Nesta estrutura, devemos fazer uso dos instrumentos básicos de que dispomos. A Carta Democrática Interamericana contém todos os nossos compromissos para forjar uma comunidade de nações livres, cujos governos não apenas sejam gerados democraticamente, mas também governem com pleno apego ao Estado de Direito, garantindo sempre os direitos humanos de todos os seus cidadãos. A Carta não é só um acordo de Governos; é também uma vitória de nossos povos e, como tal, devemos respeitá-la de maneira irrestrita.

Nesse contexto, toda diversidade é sempre legítima. Somos nações muito diversas, por origem, tamanho, riqueza e tradições. Tenhamos princípios e políticas comuns, mas reconheçamos também que existem caminhos diversos para alcançarmos os nossos objetivos.
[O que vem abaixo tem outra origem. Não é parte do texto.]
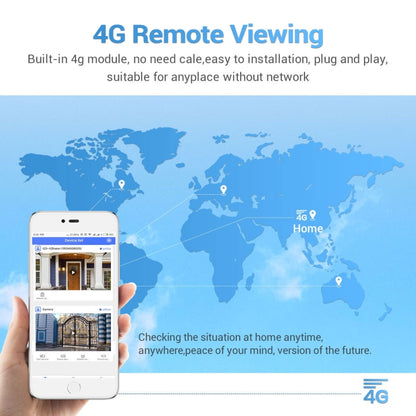 ESCAM QF480 รุ่น EU HD 1080P IP66 กันน้ำ 4G แผงเซลล์แสงอาทิตย์ PT กล้อง IP ไม่รวมแบตเตอรี่ รองรับการมองเห็นตอนกลางคืน / การตรวจจับการเคลื่อนไหว / การ์ด TF / เสียงสองทาง, without Battery(EU Version)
Senhores Chefes de Estado e de Governo,

Façamos desta Cúpula um momento de esperança. Saiamos daqui convencidos de que podemos conviver, trabalhar e progredir juntos. Façamos com que o imenso esforço que a Nação Argentina e seu Governo aplicaram na excelente organização deste encontro frutifique. Respondamos com sentido positivo às grandes incertezas que hoje afligem os povos das Américas enviando uma mensagem de unidade e compromisso com seus principais problemas.

A Organização dos Estados Americanos, junto com as demais instituições do Sistema Interamericano, continuará trabalhando nos próximos anos, sob a direção dos Senhores, para tornar realidade os acordos desta Cúpula e está disposta a assumir as responsabilidades que os Senhores lhe atribuírem. Entre elas estará, certamente, o acompanhamento do processo que hoje iniciamos para gerar emprego decente, reduzir a pobreza e fortalecer a governança; bem como a organização das atividades de nosso sistema e da próxima Cúpula das Américas.